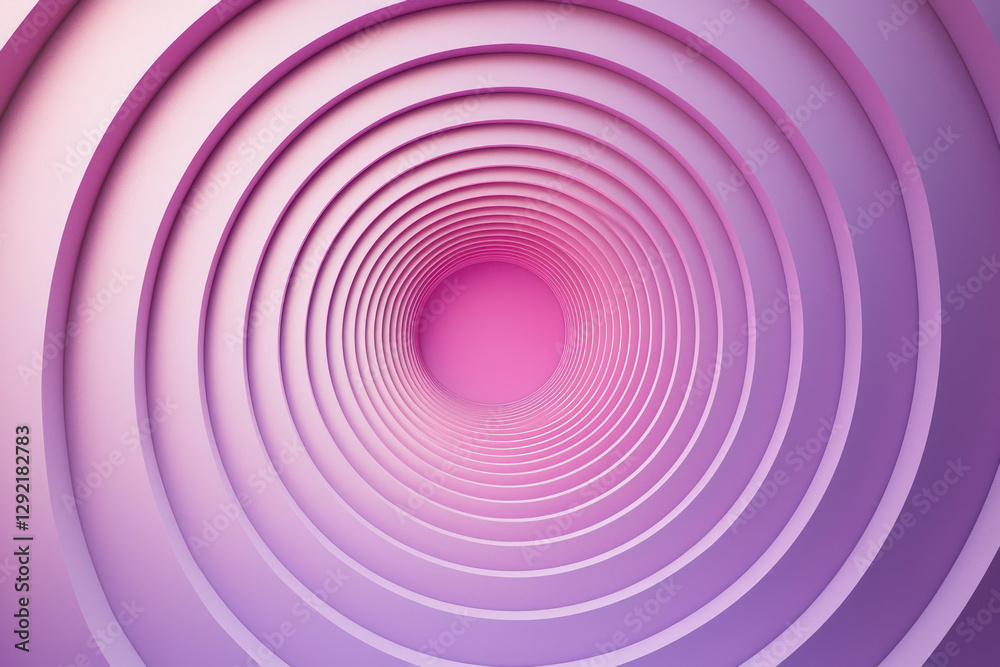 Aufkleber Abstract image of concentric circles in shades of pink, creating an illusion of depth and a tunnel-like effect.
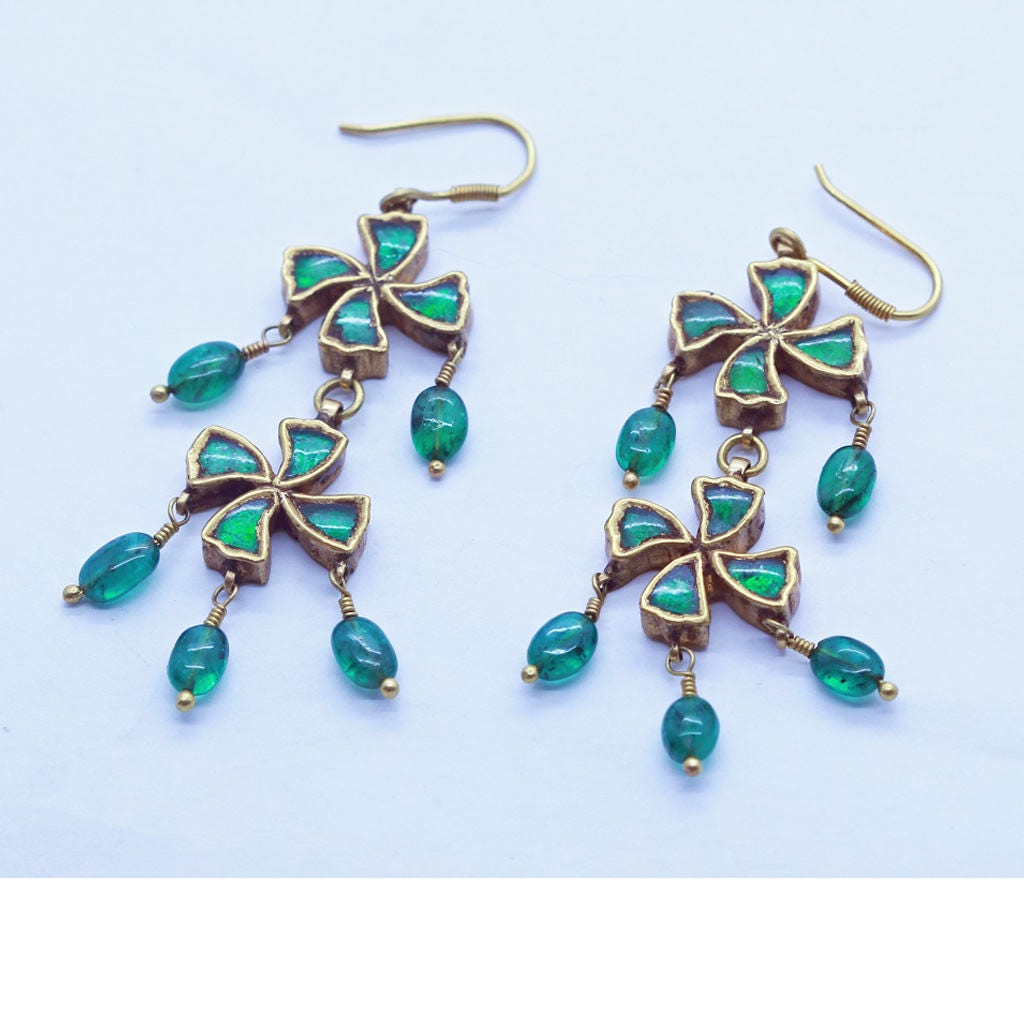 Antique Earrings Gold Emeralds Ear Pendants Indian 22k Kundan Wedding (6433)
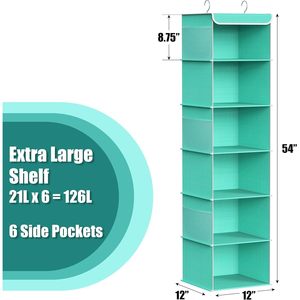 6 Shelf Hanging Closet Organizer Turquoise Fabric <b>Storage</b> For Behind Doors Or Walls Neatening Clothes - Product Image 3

____

An exact transcription of the listing is required, and it must contain no pictures.

ANSWER SECTION:
 Aufkleber Abstract image of concentric circles in shades of pink, creating an illusion of depth and a tunnel-like effect.
 Antique Earrings Gold Emeralds Ear Pendants Indian 22k Kundan Wedding (6433)
 6 Shelf Hanging Closet Organizer Turquoise Fabric <b>Storage</b> For Behind Doors Or Walls Neatening Clothes - Product Image 3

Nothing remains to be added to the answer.